Ohio’s once solid public records and open meetings laws are being chipped away by unfortunate decisions rendered by courts up to and including the Ohio Supreme Court, but the only ones who seem to be noticing are journalists.

And that’s too bad, because while weakened public access laws make it more difficult for reporters to do their work, the real losers are members of the public. It is they who will find themselves denied access to meetings where decisions involving their communities and their tax dollars are made. It is they who will find no paper trail when they want to understand how special interests came to trump the public interest.

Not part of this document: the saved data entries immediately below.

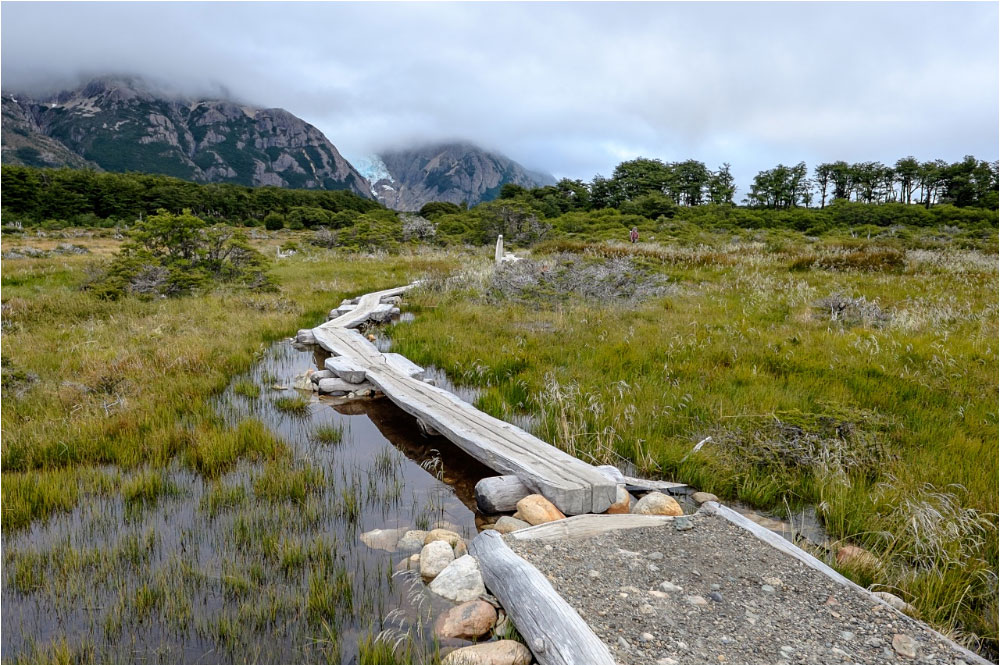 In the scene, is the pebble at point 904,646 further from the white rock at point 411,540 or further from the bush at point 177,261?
the bush at point 177,261

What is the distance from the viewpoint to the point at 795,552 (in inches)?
129

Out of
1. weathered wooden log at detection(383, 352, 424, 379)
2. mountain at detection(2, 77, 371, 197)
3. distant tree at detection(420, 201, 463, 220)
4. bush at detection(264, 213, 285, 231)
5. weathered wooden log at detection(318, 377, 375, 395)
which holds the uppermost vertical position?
mountain at detection(2, 77, 371, 197)

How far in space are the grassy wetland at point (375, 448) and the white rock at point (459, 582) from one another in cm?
17

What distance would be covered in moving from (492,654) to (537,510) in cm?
138

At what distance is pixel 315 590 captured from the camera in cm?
294

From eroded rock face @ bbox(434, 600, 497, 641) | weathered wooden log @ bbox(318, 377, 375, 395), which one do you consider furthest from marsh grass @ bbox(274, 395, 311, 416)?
eroded rock face @ bbox(434, 600, 497, 641)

To be fair, the Ohio Supreme Court has, over the years, rendered some decisions that reinforced open government, and others that did not. In short, it’s a mixed bag. But, quite simply, the original intent of Ohio’s open meetings and public records laws was clearly weighted toward openness. Public records, except for those specifically exempted, are to be “promptly prepared and made available to any member of the general public at all reasonable times for inspection.” And the state’s landmark open meetings law of 1975 specifically says, that the law “is to be liberally construed to require public officials subject to the Act to take official action and to conduct all deliberations upon official business only in open meetings unless the subject matter is specifically exempted by law.”

Exceptions on two fronts

And yet, over the last 38 years, the Legislature has shown an alarming tendency to carve out exceptions to the original intent. And even more unnerving, the courts, when asked to balance the public or press’s right to access against the action by a government body to close its doors, have too often ignored the legal baseline that the law would be “liberally construed” toward openness.

This erosion was discussed last week during a session on public records at the annual convention of the Ohio Newspaper Association in Columbus.

Fritz Byers, a First Amendment lawyer and counsel for the Toledo Blade, noted that the The Blade won a lawsuit against the University of Toledo Foundation in 1992 in which the court ruled 6-1 that the university had to release records on the private nonprofit, which received public money and performed a public function.

But as The Blade’s Jim Provance reported from the ONA conference, the court, by a vote of 4-3, weakened that stance in 2005. It found, finding that the nonprofit Oriana House, which operated Summit County’s community corrections program, was not subject to the public records law despite its receipt of government money to perform some functions of government.

The law hadn’t changed; the court’s interpretation had.

A year later, the court went even further, carving out an exemption to the public records act for Gov. Bob Taft that gave governors an executive privilege that is found nowhere in Ohio law. The court adopted a presidential executive privilege dating to the Watergate era and applied it to Ohio’s governor.

Why these things matter

In an era of privatization and quasi-privatization, this veil of secrecy should concern taxpayers. Consider JobsOhio, the nonprofit proposed by Gov. John Kasich and codified by the General Assembly to replace a public department of development, or the private companies that receive hundreds of millions of state dollars to operate charter schools.

The string between tax money and the public should not be severed simply because the money is funneled to a “private” entity. Members of the public still have an interest in how decisions are made about the spending of their money.